[Records for this task Boundary: Start]
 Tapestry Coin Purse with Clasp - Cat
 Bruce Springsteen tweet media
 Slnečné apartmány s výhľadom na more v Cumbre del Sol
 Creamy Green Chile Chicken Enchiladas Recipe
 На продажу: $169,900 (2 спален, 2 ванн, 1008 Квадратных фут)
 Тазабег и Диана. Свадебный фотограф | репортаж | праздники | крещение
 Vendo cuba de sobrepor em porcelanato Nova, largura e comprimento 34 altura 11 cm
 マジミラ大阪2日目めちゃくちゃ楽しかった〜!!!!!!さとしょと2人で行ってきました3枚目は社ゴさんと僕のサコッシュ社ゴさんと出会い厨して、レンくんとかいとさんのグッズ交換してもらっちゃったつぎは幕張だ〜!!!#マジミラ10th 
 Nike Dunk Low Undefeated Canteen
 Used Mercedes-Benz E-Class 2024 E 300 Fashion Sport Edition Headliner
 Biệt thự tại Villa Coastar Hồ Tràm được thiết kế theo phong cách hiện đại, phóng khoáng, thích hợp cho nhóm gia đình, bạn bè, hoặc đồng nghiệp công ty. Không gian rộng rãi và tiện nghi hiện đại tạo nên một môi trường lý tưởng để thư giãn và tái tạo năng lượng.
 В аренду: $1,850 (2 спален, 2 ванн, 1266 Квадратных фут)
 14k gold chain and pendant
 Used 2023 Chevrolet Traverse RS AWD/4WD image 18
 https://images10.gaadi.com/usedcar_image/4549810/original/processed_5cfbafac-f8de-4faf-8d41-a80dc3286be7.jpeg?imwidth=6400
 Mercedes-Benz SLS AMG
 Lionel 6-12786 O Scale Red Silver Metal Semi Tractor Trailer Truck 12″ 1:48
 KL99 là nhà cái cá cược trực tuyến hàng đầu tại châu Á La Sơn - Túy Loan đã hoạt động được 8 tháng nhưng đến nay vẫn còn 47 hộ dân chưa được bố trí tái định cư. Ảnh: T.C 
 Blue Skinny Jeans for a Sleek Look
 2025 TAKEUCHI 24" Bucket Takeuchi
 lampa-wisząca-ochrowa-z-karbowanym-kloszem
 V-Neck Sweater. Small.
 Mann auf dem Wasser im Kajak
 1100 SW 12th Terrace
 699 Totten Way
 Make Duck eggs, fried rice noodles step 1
[Records for this task Boundary: End]
Repeat exactly, and only, the run of lines from the start of the material above through the line that holds "Used Mercedes-Benz E-Class".

* Output of the task *
 Tapestry Coin Purse with Clasp - Cat
 Bruce Springsteen tweet media
 Slnečné apartmány s výhľadom na more v Cumbre del Sol
 Creamy Green Chile Chicken Enchiladas Recipe
 На продажу: $169,900 (2 спален, 2 ванн, 1008 Квадратных фут)
 Тазабег и Диана. Свадебный фотограф | репортаж | праздники | крещение
 Vendo cuba de sobrepor em porcelanato Nova, largura e comprimento 34 altura 11 cm
 マジミラ大阪2日目めちゃくちゃ楽しかった〜!!!!!!さとしょと2人で行ってきました3枚目は社ゴさんと僕のサコッシュ社ゴさんと出会い厨して、レンくんとかいとさんのグッズ交換してもらっちゃったつぎは幕張だ〜!!!#マジミラ10th 
 Nike Dunk Low Undefeated Canteen
 Used Mercedes-Benz E-Class 2024 E 300 Fashion Sport Edition Headliner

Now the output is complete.